Supervised Learning of Universal Sentence Representations from Natural Language Inference Data
Idea
- The authors state the need for general purpose sentence embeddings similar to how word embeddings are used in several NLP tasks today.
- They train their model on the Stanford Natural Language Inference (SNLI) corpus.
- The authors claim an improvement over the SkipThought method in learning generalized sentence embeddings that can be used for downstream tasks.
Method
- The inspiration to train on a supervised task is taken from the fact that ImageNet, despite primarily being an object recognition model, learns features that can be used for a general computer vision task.

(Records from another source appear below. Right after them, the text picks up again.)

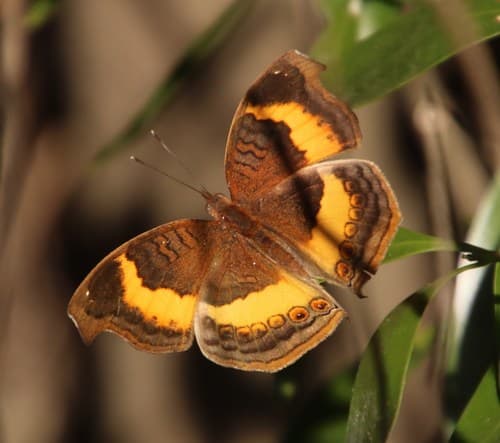 Yellow-banded Pansy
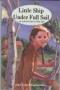 Image of Little Ship Under Full Sail: An Adventure in History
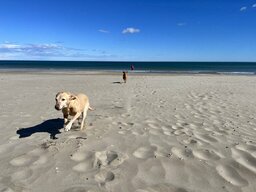 IMG_7472.jpeg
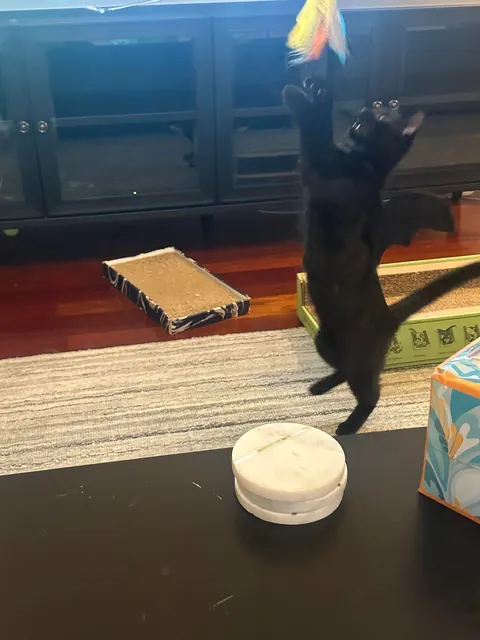 Happy 1st birthday my handsome little man!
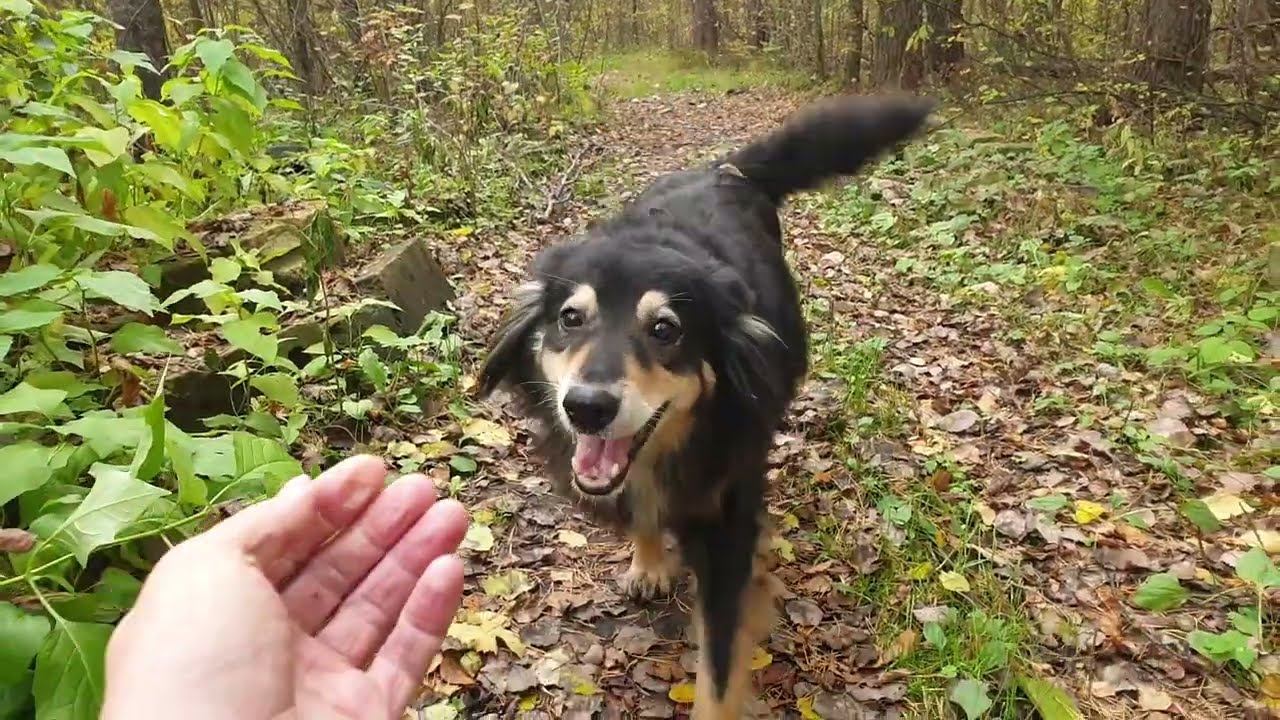 ЛЕСНЫЕ БЕСЕДЫ. О разном смотреть онлайн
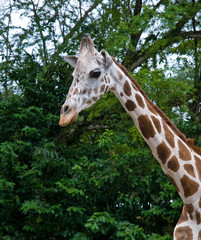 giraffe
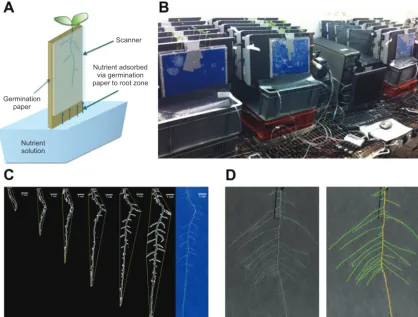 Fig. 1. (A) Schematic representation of the pouch-and-wick system used to grow plants in the phenotyping platform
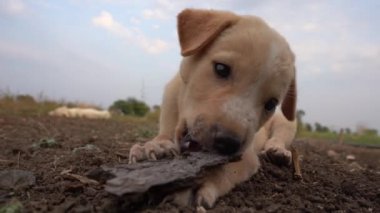 Gün ortasında buğday tarlasında oynayan sevimli köpek yavrusu. 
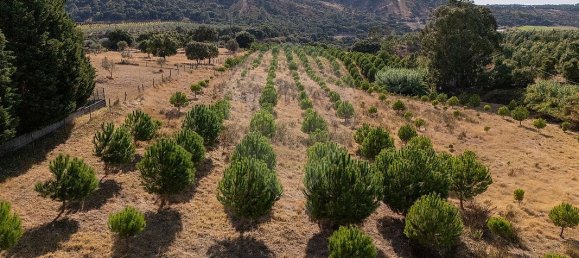 4 غرف نوم منزل في Tramagal, Portugal رقم 30221 11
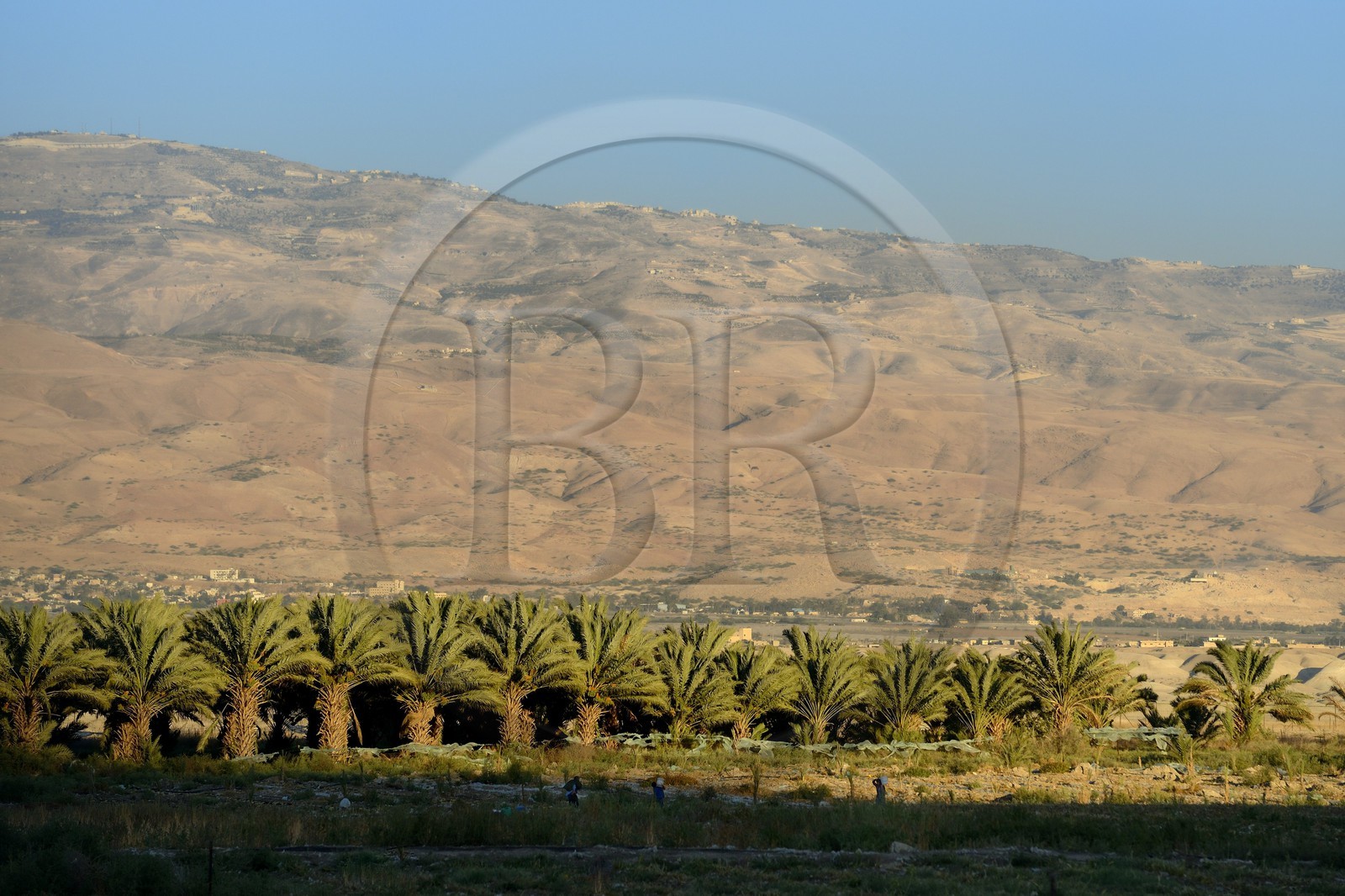 Israel, Northern District, Lower Galilee, the Jordan River valley and the mountains of Jordan in the background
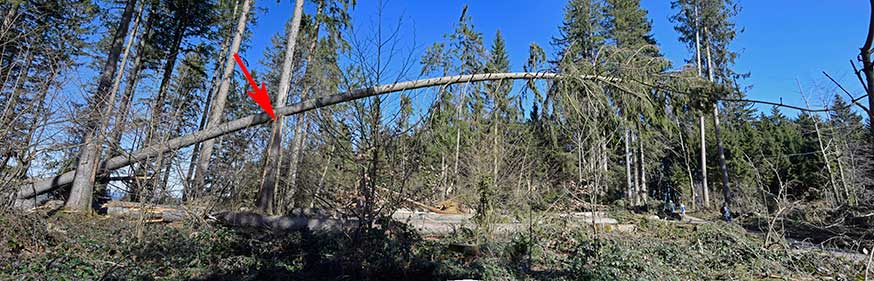 Ein Baum stützt den anderen - Wald nach 5 Stürmen mit Orkanstärke bei Isny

- After obtaining separate representations of the premise and hypothesis (2 sentences), the combined representation is a concatenation of:
- Individual sentence representations
- Element-wise product of the two representations
- Element-wise subtraction of the two representations
- They try out the following architectural choices:
- LSTM and GRU recurrent encoders
- Only last hidden state used
- BiLSTM network with mean/max pooling
- Self-attentive network
- Hierarchical convolutional network
- The model is evaluated on a variety of tasks, including binary & multi-label classification, entailment, semantic relatedness, unsupervised textual similarity, paraphrase detection, image & caption retrieval.
Observations
- This seems to be a very empirical paper. The main questions being answered is what neural network architecture, which task, and which dataset yields generalizable sentence embeddings.
- The BiLSTM with 4096 units and max pooling works best for the dev set, compared with other approaches.
- The authors observe that model convergence is quicker on Adam, but the results aren’t as good.
- Combining the data from SNLI + MultiNLI improved the reported results.
- This approach outperformed SkipThought vectors on several benchmarks while being easier to train.